Angelo

Voyager avec Angelo, polyhandicapé

Depuis toujours, nous nous adaptons au handicap neurologique et physique d’Angelo. Chez nous, dans notre maison de plain-pied, tout a été optimisé. Nous y sommes heureux. Mais, malgré le handicap de notre fils, nous souhaitons partir ! Ce n’est pas très facile car ailleurs, le confort est souvent rudimentaire et l’espace très réduit. A chaque fois, il faut tout réorganiser. Du coup, nous partons peu : toujours en pension complète, pas de courses, pas de repas, pas de ménage. C’est ça les vacances ! D’où le choix de clubs de vacances et de centres adaptés. Je sollicite un geste commercial auprès des directeurs de centres de vacances pour les frais de séjour d’Angelo car il n’utilise pas les infrastructures, il ne joue pas, ne mange pas, ne boit pas, ne participe pas aux animations… Nous demandons donc à ce que lui soit accordée la gratuité du séjour. Sans cela, nous ne venons pas. Angelo est aussi adhérent de l’Association d’aide aux insuffisants respiratoires. Cette association facilite les projets de vacances de ses adhérents et, après étude d’un dossier, peut accorder des aides financières.

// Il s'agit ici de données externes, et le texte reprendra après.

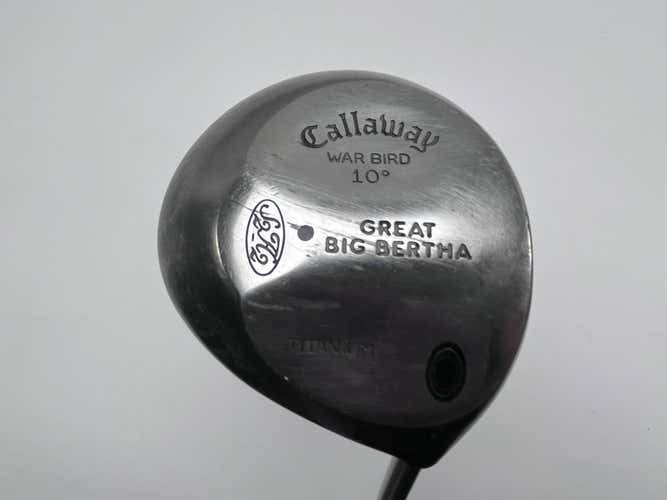 Callaway Original Great Big Bertha Driver 10* GBB UL Senior Graphite Mens RH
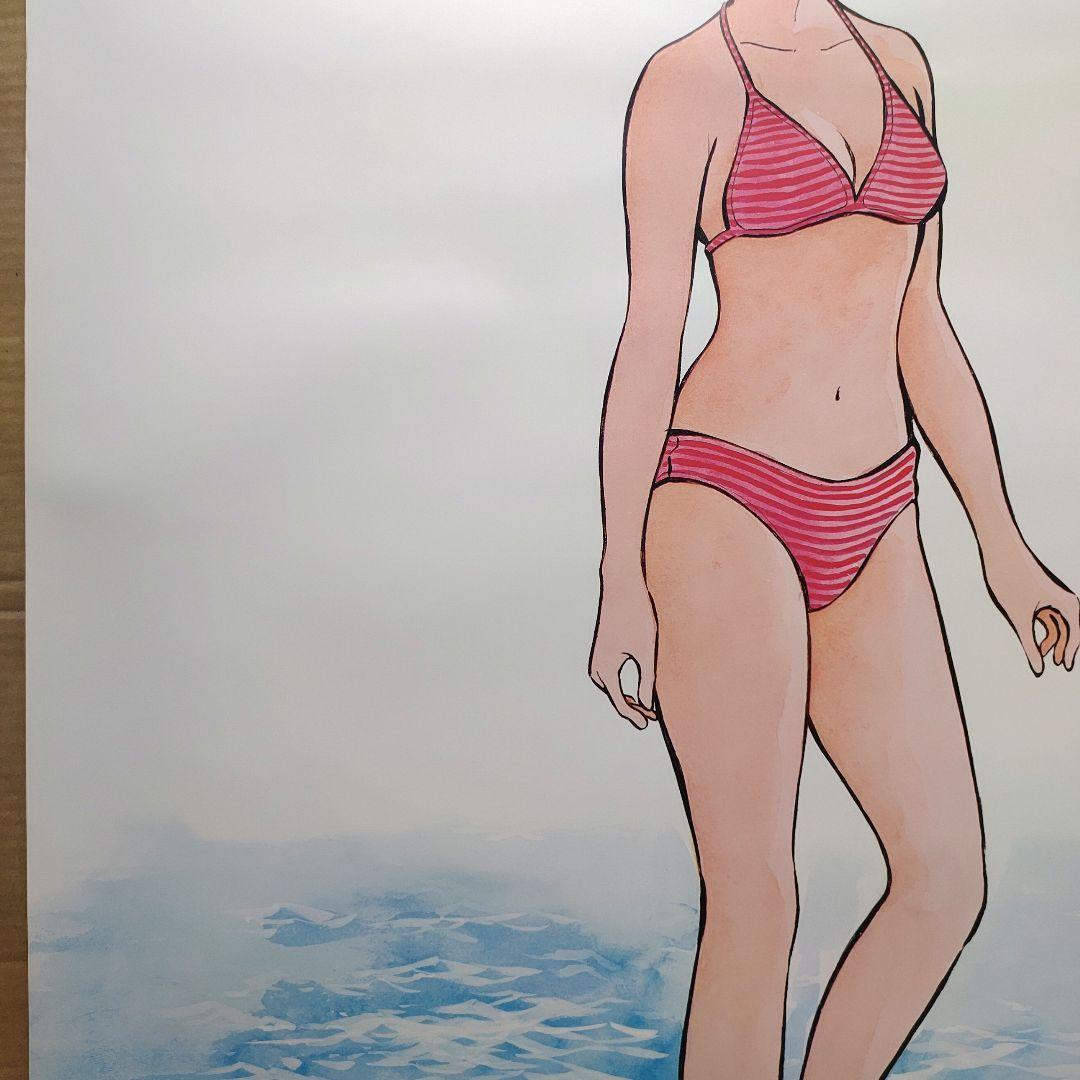 みゆき／音楽編 あだち充 新品 特典ポスター 80年代当時物 アニメ 若松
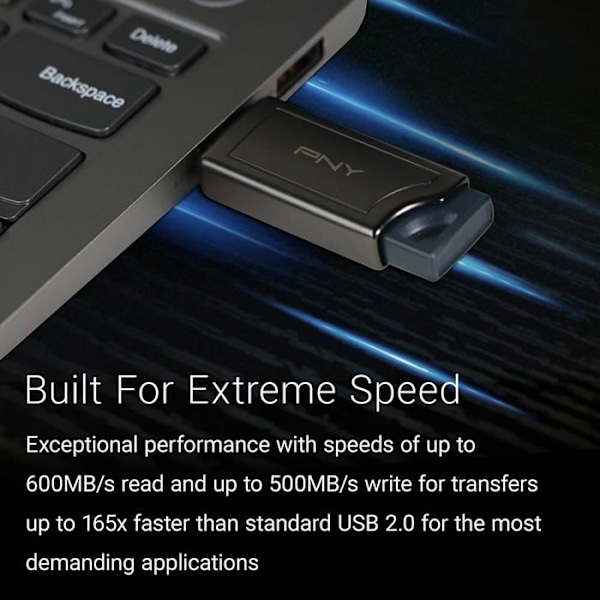 Pendrive - PNY - PRO Elite V2 - 256 Go - USB 3.2 - Vit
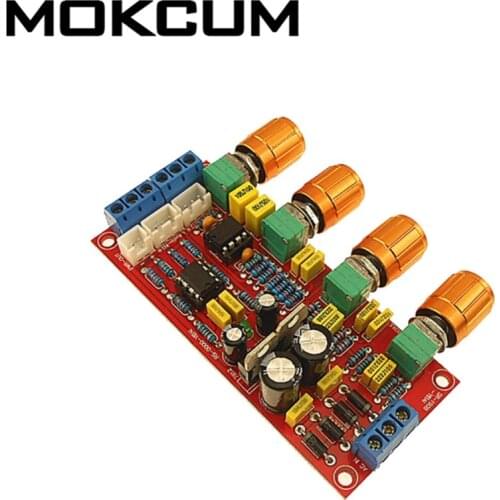 AC12V-18V NE5532 Front Board Two channels HIFI Fever Grade Tone Board Power Amplifier Front Panel Finished Board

Avant de partir, nous préparons notre séjour avec notre prestataire médical et notre diététicienne. Elle se charge de tout (poches, tubulures, matériel, pompe, etc.) et trouve le prestataire local qui livrera ses bouteilles d’oxygène. La livraison se fait avant notre arrivée. Cette année, nous avons aussi fait livrer un lit médicalisé. Il est vrai que tout déplacement avec un enfant « extra-ordinaire » demande une organisation tout aussi extraordinaire. Ces contraintes nous dissuadent parfois d’accepter des invitations. De plus, le bonheur et le bien-être d’Angelo ne passent pas par la découverte d’environnements nouveaux mais plutôt dans la sécurité d’un environnement familier. Un départ en vacances ne lui procure en joie ou satisfaction que celle d’être avec nous et de profiter d’une prise en charge tendre et aimante ! Malgré le plaisir de partir en famille comme toutes les familles normales, nous ne sommes jamais tout à fait en vacances avec Angelo. Nous en sommes conscients. Oui, pour être très franc, de « vraies vacances » seraient de partir sans lui ! C’est la réalité. Mais chacune de nos sorties ensemble apporte beaucoup à chacun de nous, comme à Kenzo, son frère âgé de neuf ans.

Les personnes que nous rencontrons passent par des sentiments multiples : stupéfaction, interrogation, pitié, intérêt et, bien sûr, étonnement quant à la particularité de notre famille ! Tout cela génère souvent des contacts et des rencontres très intéressantes.